Toossi begins the play with a burst of chaotic, embodied joy. The opening scene takes place on the morning of Salme’s wedding, as she and her four friends, Nazanin, Zari, Shideh, and Rana, engage in a flurry of teasing, raunchy humor, and ritual. From toe-sucking jokes to impromptu vagina-scent evaluations, these women display a kind of freedom and trust that is increasingly endangered as the play progresses. "My pussy could iron a shirt," Nazanin jokes, while Rana cools her groin with a fan: "I could shoot off into space at any moment." These irreverent expressions are not merely comic relief; they are early signs of a pre-revolutionary world in which female desire and speech still occupy space. As the political situation in Iran deteriorates, however, that space contracts. Shideh, once poised to enter medical school, emigrates to the U.S. Zari marries and grows increasingly anxious about her husband’s military conscription. Rana disappears without warning, later calling from San Jose. Salme embraces religion more devoutly and drowns during a trip to the sea, possibly dragged down by the hijab she adopted. Nazanin, who initially mocks religiosity and clings to a sense of secular modernism, becomes the last remaining member of the group to stay in Iran. Her arc is one of gradual erasure. Once sarcastic and brimming with wit, Nazanin becomes domesticated, fatigued, and haunted by absence. When Rana calls, Nazanin admits, "Being your best friend was my whole personality." It is a devastating confession, one that crystallizes Toossi’s central insight: friendships are not ancillary to selfhood; they are constitutive of it.

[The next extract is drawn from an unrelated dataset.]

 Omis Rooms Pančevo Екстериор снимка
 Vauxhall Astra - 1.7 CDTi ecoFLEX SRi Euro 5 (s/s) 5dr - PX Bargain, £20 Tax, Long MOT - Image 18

Language in Wish You Were Here functions as both bridge and chasm. The women often speak in unison early in the play, especially during weddings, forming a choral unity. But as the years pass and English replaces Farsi for those abroad, language becomes a site of alienation. When Nazanin listens to her son’s voicemail in English, she notes, "He forget in English but in Farsi he remember." Perhaps the most heart-wrenching moment occurs when Nazanin receives a call from Rana in 1991. Rana, pregnant and living in California, declares, "My daughter will never know what an IR-2 is... she will never know how fast this Earth can spin underneath you." Her words echo the thematic trauma of displacement and identity effacement. Rana seeks to protect her child by erasing any connection to the chaos she left behind. Nazanin, however, is left with the residue of everyone else's escape.

Friendship in this play is not just emotional; it is political. The women do not merely drift apart; they are torn from each other by revolution, migration policies, marriage expectations, and regime shifts. When Zari prepares to leave, Nazanin simply asks, "If you leave, don’t tell me. I don’t want to know." The moment reverberates with a fatalism born not of resentment, but of exhausted mourning. The play closes not with a grand gesture but with cleaning. After receiving a phone call from Rana, Nazanin finds a cockroach under the rug. She mutters, "Gross," and sweeps it away. This quotidian action is heavy with metaphor. Time has moved on. The room must be cleaned. The voices are gone. What remains is the silent labor of survival. Toossi's Wish You Were Here is not a play about political trauma in the conventional sense. Rather, it is about the sediment such trauma leaves in language, relationships, and domestic life. Through its raw dialogue, nonlinear chronology, and emotionally rich female characters, the play insists that the personal is not only political, it is where history finds its most enduring echo.